Israel Bakal Berikan Pinjaman Palestina Senilai 150 Juta Dolar AS

 

Presiden Palestina Mahmoud Abbas, sumber foto: Alaa Badarneh/EPA


Media Tangkas - Israel akan memberikan pinjaman kepada Otoritas Palestina (PA), yang sedang dalam krisis ekonomi, senilai lebih dari 150 juta dolar AS. Bantuan tersebut merupakan hasil pertemuan tingkat tinggi antara Menteri Pertahanan Benny Gantz dengan Presiden PA Mahmoud Abbas, Minggu (29/8/2021).


Dilansir dari The Straits Times, pertemuan langka itu dipandang sebagai terobosan besar dalam diplomasi dan dialog damai. Gantz bertemu dengan Abbas di Tepi Barat, wilayah Otoritas Palestina yang diduduki Israel.


Sumber yang dekat dengan Perdana Menteri Israel Naftali Bennett mengatakan Bennett telah menyetujui pertemuan Gantz-Abbas dan menganggapnya sebagai pertemuan rutin.


"Tidak ada proses diplomatik dengan Palestina, tidak akan pernah ada," kata sumber itu.


Menteri Pertahanan Israel bertemu dengan Presiden Palestina


Pembicaraan yang disponsori AS tentang pembentukan negara Palestina terhenti pada tahun 2014. Pertemuan Gantz-Abbas terjadi setelah Bennett, seorang nasionalis yang menentang kedaulatan Palestina, bertemu dengan Presiden Joe Biden di Washington pekan lalu.


Pejabat PA Hussein Al Sheikh mengatakan pembicaraan dengan Gantz mencakup semua aspek hubungan Palestina-Israel. Abbas juga mengkoordinasikan keamanan Tepi Barat dengan Israel.


Kedua belah pihak sepakat untuk memperhatikan Hamas, kelompok Islam yang menang dan memenangkan pemilihan di Jalur Gaza. Israel melihat Hamas sebagai kelompok teror yang mengancam, sementara PA melihat Hamas sebagai saingan politik yang berpotensi mengganggu proses dialog damai.

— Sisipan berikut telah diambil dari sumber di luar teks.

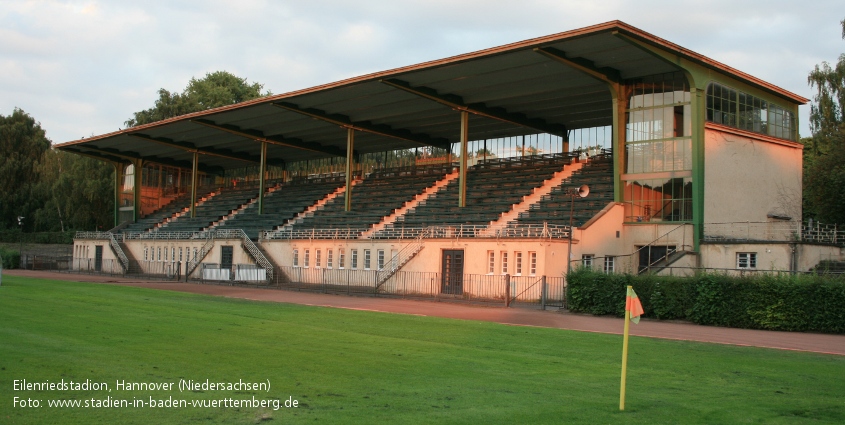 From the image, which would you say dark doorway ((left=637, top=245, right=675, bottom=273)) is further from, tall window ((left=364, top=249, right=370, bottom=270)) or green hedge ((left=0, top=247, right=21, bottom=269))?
→ green hedge ((left=0, top=247, right=21, bottom=269))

Pinjaman akan dilunasi pada tahun 2022


Pada saat yang sama, Israel juga telah menyatakan kemarahannya bahwa PA memberikan keuntungan kepada militan yang dipenjara atau terbunuh dalam upaya untuk menyerang pasukan Israel. Sebagai protes, Bennett bulan lalu menahan $ 180 juta pada pendapatan pajak 2020 yang dikumpulkan atas nama PA.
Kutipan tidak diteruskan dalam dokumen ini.